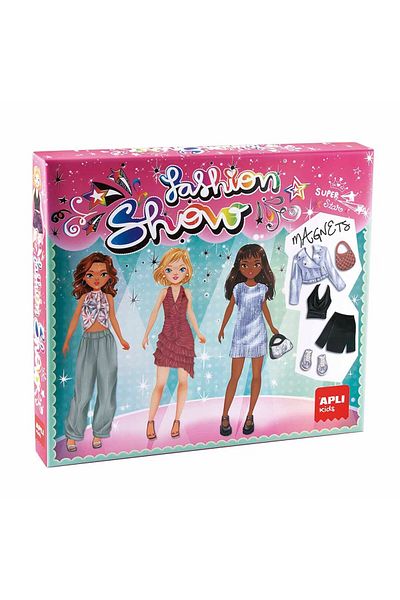 Apli Kids Joc educativ cu magneti Imbraca Manechinul Fashion Show Dress Up, Apli, +5ani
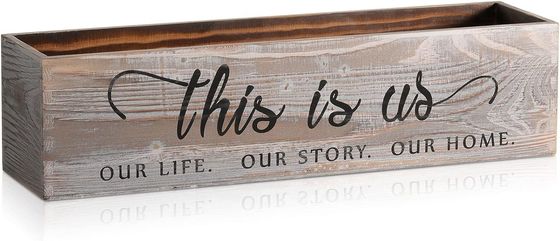 Houten rechthoekige planterdoos voor rustieke middelpunten aangepast logo aanvaardbaar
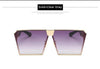 Image of New fashion Steampunk Square Sunglasses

+++

Word for word, copy every line of the data, excluding any pictures.

» Solution to the problem:
 Apli Kids Joc educativ cu magneti Imbraca Manechinul Fashion Show Dress Up, Apli, +5ani
 Houten rechthoekige planterdoos voor rustieke middelpunten aangepast logo aanvaardbaar
 Image of New fashion Steampunk Square Sunglasses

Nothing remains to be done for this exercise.